Итак, мы собирались уезжать почти одновременно в разные концы Европы. Он — снимать фильм, а там, как говорится, «будем посмотреть». А я со своими детками, одного года и четырех лет — уже навсегда! Как говаривал Достоевский, самое невероятное это правда, и нет ничего фантастичнее реализма… Увы! А, может быть, и к лучшему, чтобы не очень скучали… Кто знает…
Перед круизом к кисельным берегам
Если мне правильно помнится, то последнее торжество, на котором мы побывали в доме Тарковских до его отъезда было 50-летие Андрея 4-го апреля 1982 года, от которого осталось тягостное впечатление. Андрея, как было принято и как полагалось, никто не поздравил официально. Накануне его отъезда не было опубликовано никаких соответствующих юбилею текстов, тем более никаких торжеств в Доме кино. Все затихли…
На дне рождения дома, кроме обычного состава, если я не ошибаюсь, была Марина, еще более скорбная, чем обычно, с глазами на мокром месте. Был также Арсений, первый сын, который последние годы начал все более регулярно появляться в новой семье отца… Мне кажется, что они ушли сравнительно быстро, а «мафия гуляла» по заведенному Ларисой порядку, отплясывая и заливая радость юбилея все той же водкой, которая продолжала стыдливо прятаться за тем же мольбертом Маэстро…
Кстати, вспоминается, как до этого мы прикатили с моим мужем к Тарковским не на Новый год, а первого числа, насмеялись тогда вдоволь… Хотя надо было, наверное, не смеяться, а плакать… Тот Новый год они встречали с Аркадием Стругацким и его женой. Она поддерживала совершенно узюзюканного Андрея, похожего на ребенка: «ой, Ольга, Дима… Давайте, ребята, проходите», — командовал Андрей, гостеприимно помахивая вялой рукой. Ларису удалось отыскать во второй квартире в «спячке» на маминой или Лялькиной кровати. Мы само собою подключились к новогоднему утру, всегда странному и специфичному, но уж чрезмерно убойному в этом никак не приукрашенном «пейзаже после битвы»… А как же здоровье Маэстро, который больше не пьет?
Но на всех последних торжествах, включая юбилей, проводы, уже не было Араика, выполнившего к тому моменту все свои обязанности по строительству дома в Мясном. Он был изгнан Андреем за какую-то растрату. Тем не менее он снова появится, как только уедет Андрей, кажется, в начале мая… Надо сказать, что Лариса не слишком быстро последует за своим супругом, погуляв «соломенной вдовой» где-то до середины августа.
Отсутствовала также Ларисина Лялька, взаимоотношения с которой, увы, требуют особого комментария.
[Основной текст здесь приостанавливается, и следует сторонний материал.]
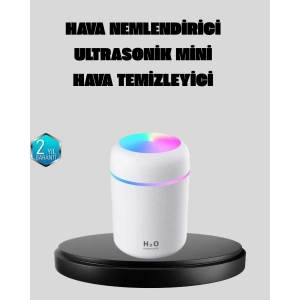 Mey İthalat® Taşınabilir USB Mini Nemlendirici – LED Aydınlatmalı, Çift Püskürtme Modu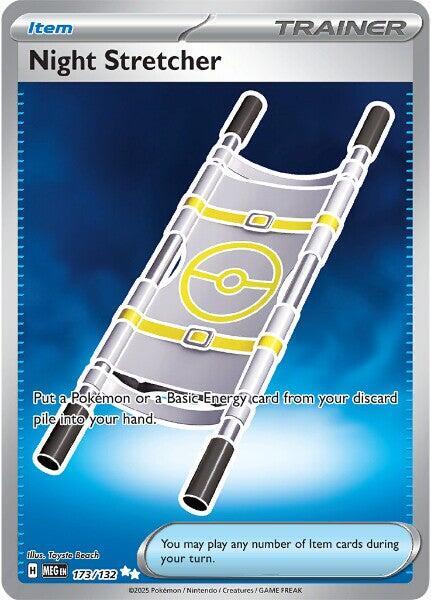 Pokemon Mega Evolution Night Stretcher 173/132 Ultra Rare Holofoil Card - stylecreep.com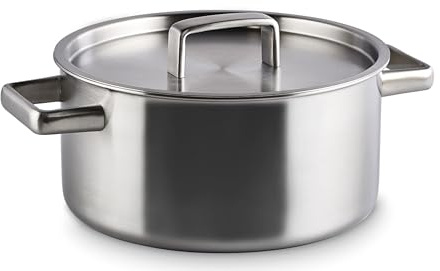 Habonne König Kochtopf - 22 cm - Edelstahl - mit Deckel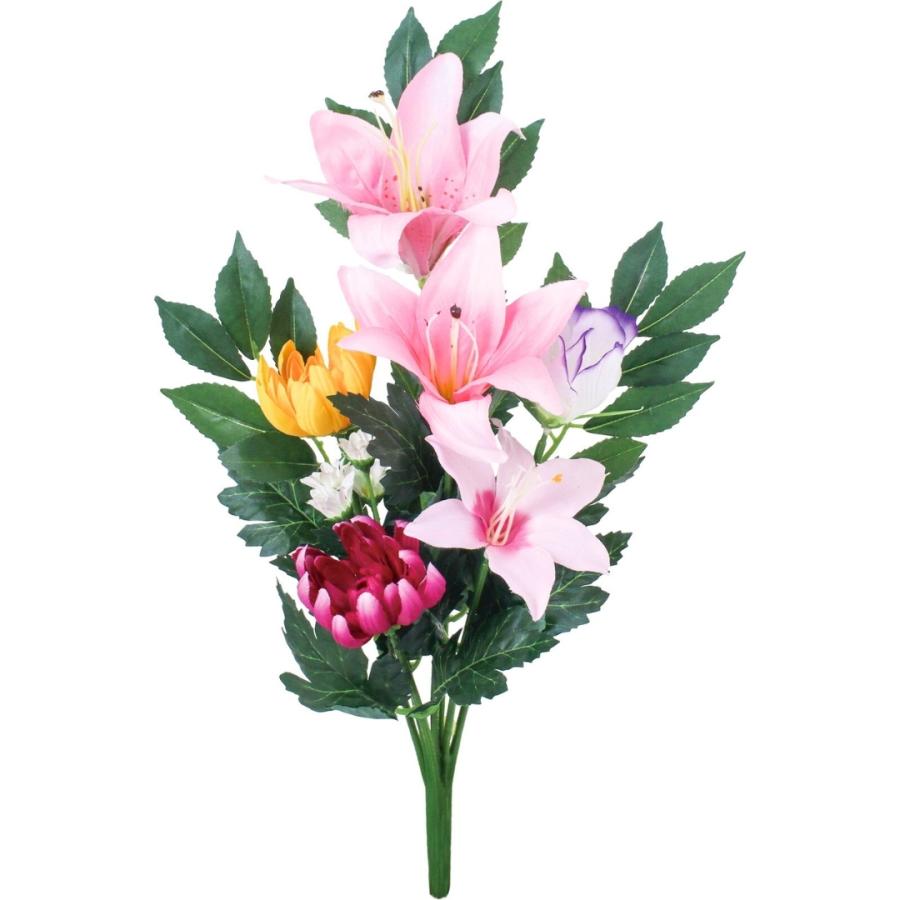お盆飾りセットNO37、NO7花菖蒲 秀〆（HIDESHIME） お盆用品 お盆飾り 初盆 新盆 造花 仏花 エコ仏花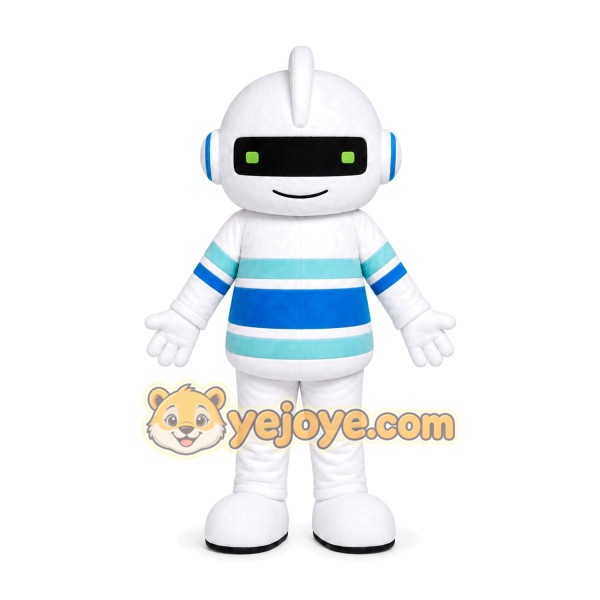 White Robot Mascot Costume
Как я уже писала, художественное воображение Маэстро рыжеволосая кудрявая Лялька поражала с самого начала. Она выросла в статную, всегда как будто немножко сонную девушку с припухшими губами. Особенно помнится одно из дней рождения уже на Мосфильмовской, когда Ляльке было лет шестнадцать.
Я была тогда на празднике с мамой и скорее она, чем я, обратила внимание, что Ляля сидела неотлучно по правую руку Андрея, чья рука время от времени соскальзывала, не без ее попустительства, на ее коленку… Я не имею понятия, как и что происходило между ними, тем более не могу себе представить, как этого могла не замечать такая ревнивая Лариса… Я не знаю, но дальнейшие события тоже выходили за рамки нормы, если рамки норм и сами нормы существуют вообще в нашей жизни…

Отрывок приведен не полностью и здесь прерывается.